The data –
·····

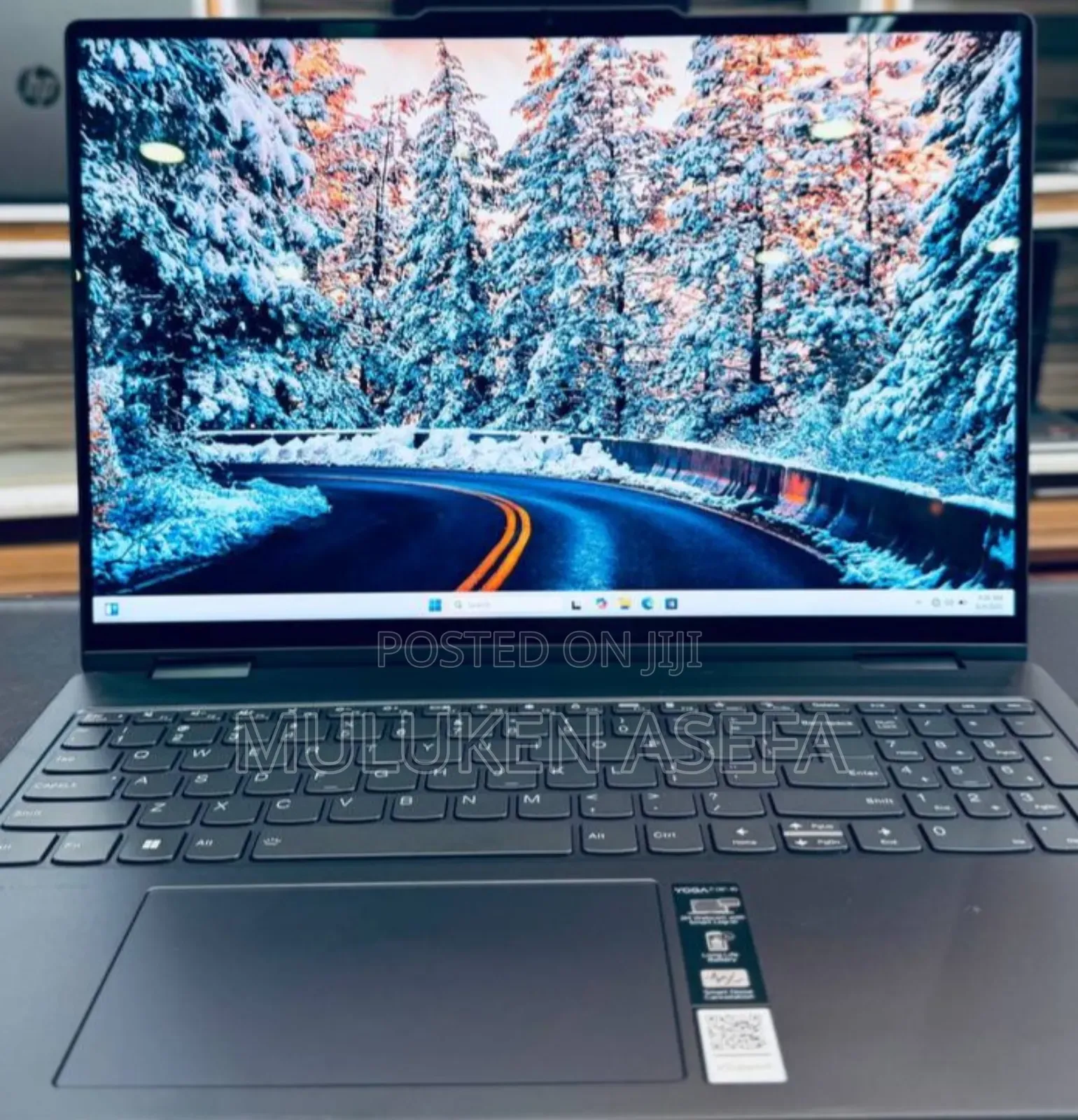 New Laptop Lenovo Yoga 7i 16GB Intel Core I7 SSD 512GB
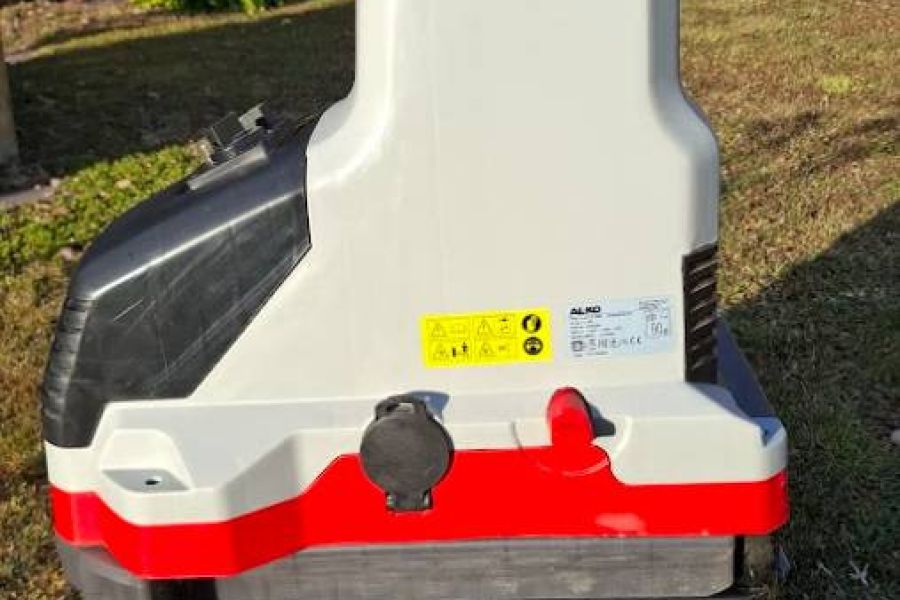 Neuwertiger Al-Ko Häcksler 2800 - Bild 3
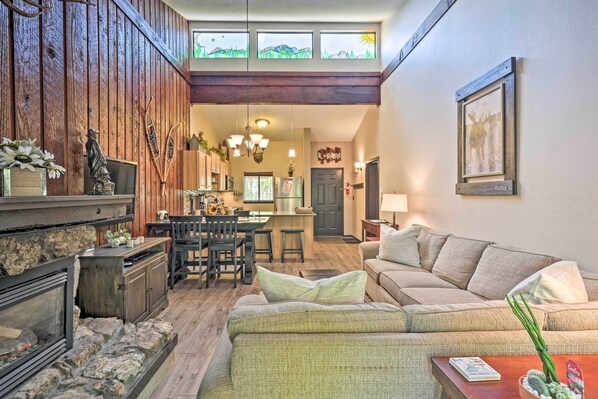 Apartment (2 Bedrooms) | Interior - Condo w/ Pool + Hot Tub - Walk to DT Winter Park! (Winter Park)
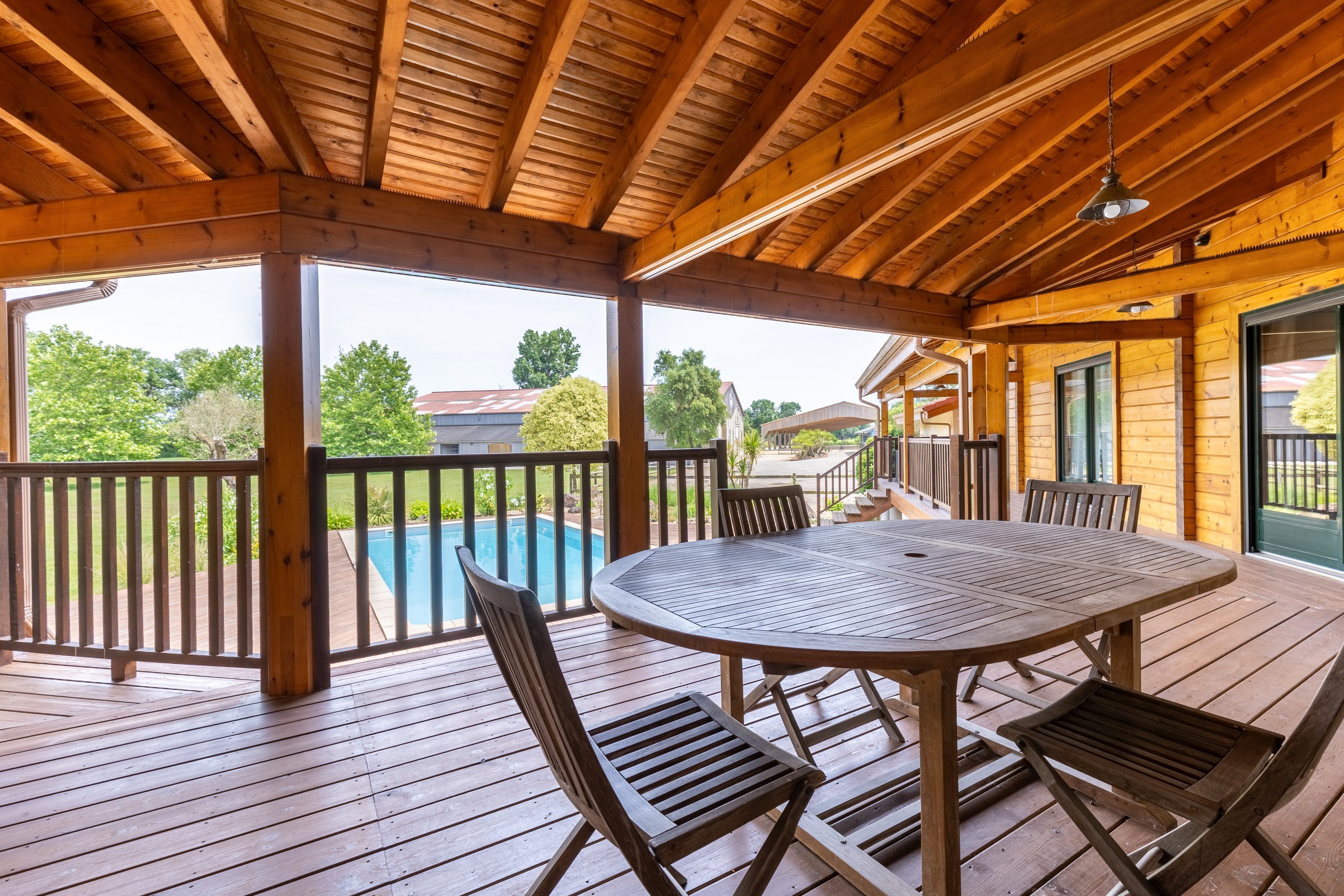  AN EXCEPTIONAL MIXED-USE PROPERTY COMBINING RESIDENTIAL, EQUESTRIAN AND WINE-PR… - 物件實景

·····

Task statement – Write out the material above once more, exactly as it reads, with no pictures.

Response box –
 New Laptop Lenovo Yoga 7i 16GB Intel Core I7 SSD 512GB
 Neuwertiger Al-Ko Häcksler 2800 - Bild 3
 Apartment (2 Bedrooms) | Interior - Condo w/ Pool + Hot Tub - Walk to DT Winter Park! (Winter Park)
  AN EXCEPTIONAL MIXED-USE PROPERTY COMBINING RESIDENTIAL, EQUESTRIAN AND WINE-PR… - 物件實景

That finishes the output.